D3.js is a Javascript library for data-driven DOM manipulation. This is a generic sentence, but when you look at the sheer amount of examples in their repository, it starts to make sense.
We are sure most of you reading this article already heard about D3.js. So what’s the point of this article? It’s intended for people who never used D3.js and wanted to create something interesting.
Throughout the article, we are assuming a basic knowledge of HTML, CSS, Javascript, and Web Development. If you are just interested in the demo or you want to know if this article is worth it, check it out here.
What we need to do before we start this d3.js demo?
Before we can visualize anything, we need some data to visualize. For this example, we picked the Olympic history of athletes dataset from kaggle.com. Dataset is a .csv file about ~41MB in size, which could be too big for the browser to handle. But in our opinion, it’s better to start with some interesting data and not worry about the dataset’s size. That way, when you see the final result, you can feel more of an accomplishment and then optimize accordingly.
Premature optimization is the root of all evil, as they say. So what do we need to start? You honestly need only one .html file, one .css file, and one .js file. But to speed up the development process, we’ve used Webpack to bundle .js files and parse .scss files to .css.
In the end, it doesn’t matter that much in this example, this is just personal preference, you can poke around my Webpack setup in this example repository. If you don’t want to use any of that, you can simply at the bottom of your .html file paste the following code.
<script src="https://d3js.org/d3.v5.min.js"></script> <script src="https://cdnjs.cloudflare.com/ajax/libs/crossfilter2/1.4.6/crossfilter.js"></script> <script src="dist/main.js"></script>
The first script is a D3.js library, and the second script is a Crossfilter library, which we are using for filtering data. Crossfilter is definitely not necessary here, but it provides many functionalities that help us get to visualizations quicker, once you get the hang of it.
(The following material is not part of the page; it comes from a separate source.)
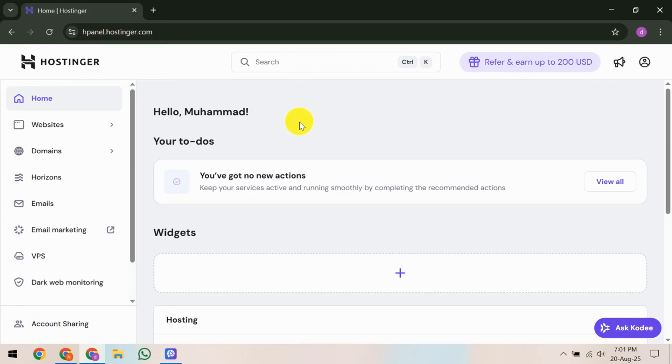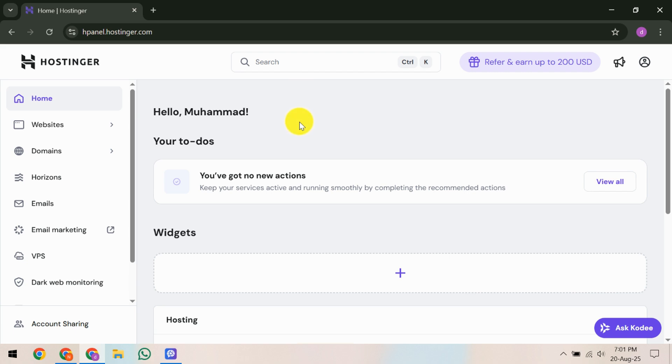In this video I'm going to teach you how to fix domain verification failed in Hostinger. Domain verification is a crucial step to ensure your domain is set up correctly and fully functional. Sometimes you might encounter a verification failure but don't worry, I'm here to guide you through the process to resolve this quickly and efficiently. Let's dive right in and get your domain running smoothly.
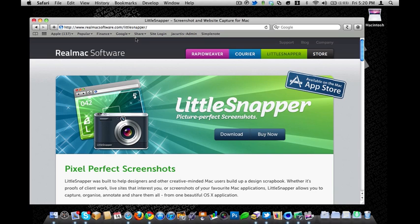Alright guys, I'm going to show you a really cool application for taking screenshots today. I take a lot of screenshots with tutorials, with posting stuff on the internet. With doing all sorts of things, I tend to use screenshots all day long.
Last is our script we are going to write through this tutorial. We won’t write the CSS used here, since that would be too detailed. You can always download my dist/main.css
from the repository, or create your own .css file for this example. As said in the intro of the post, we’ve assumed that the person reading this post has a basic understanding of Web development, which means you have already created the index.html
file.
What can you do with D3 JS?
Let’s start visualizing using d3.js:
Before we start anything with data, we need to create a basic HTML structure that will hold all of our charts. For this example, you can just copy the following code into your index.html file between body
tags.
<div class="c-charts"> <div class="c-chart" id="yearAthletesCountChart"> <h3>Number of athletes per year (seasons combined)</h3> </div> <div class="c-chart" id="weightHeightChart"> </div> <div class="c-chart" id="ageYearChart"> </div> <div class="c-chart c-chart--half" id="medalsPieChart"> </div> <div class="c-chart c-chart--half" id="medalsByCountryPieChart"> </div> </div>
This will serve as containers for charts that we will create with D3.js. But they are empty for now. So how do we fill them? Well, the first step is to get the actual data from the .csv file into our code. In index.js
file, copy this code.
// assets/js/index.js (function () { d3.dsv(',', '/assets/data/athlete_events.csv', function (row) { return { name: row['Name'], sex: row['Sex'], age: row['Age'] !== 'NA' ? +row['Age'] : null, height: row['Height'] !== 'NA' ? +row['Height'] : null, weight: row['Weight'] !== 'NA' ? +row['Weight'] : null, team: row['Team'], games: row['Games'], year: +row['Year'], season: row['Season'], sport: row['Sport'], event: row['Event'], medal: row['Medal'] }; }).then(function (athletes) { let dashboard = new DashboardComponent(athletes); dashboard.init(); }); })();
So what does this code do? d3.dsv()
loads the data from the .csv file located on the path in the second parameter. First parameter is delimiter of .csv file. The last parameter is a callback that receives the raw parsed row of a .csv file as the object, and the return value is parsed JSON object we will use throughout our code.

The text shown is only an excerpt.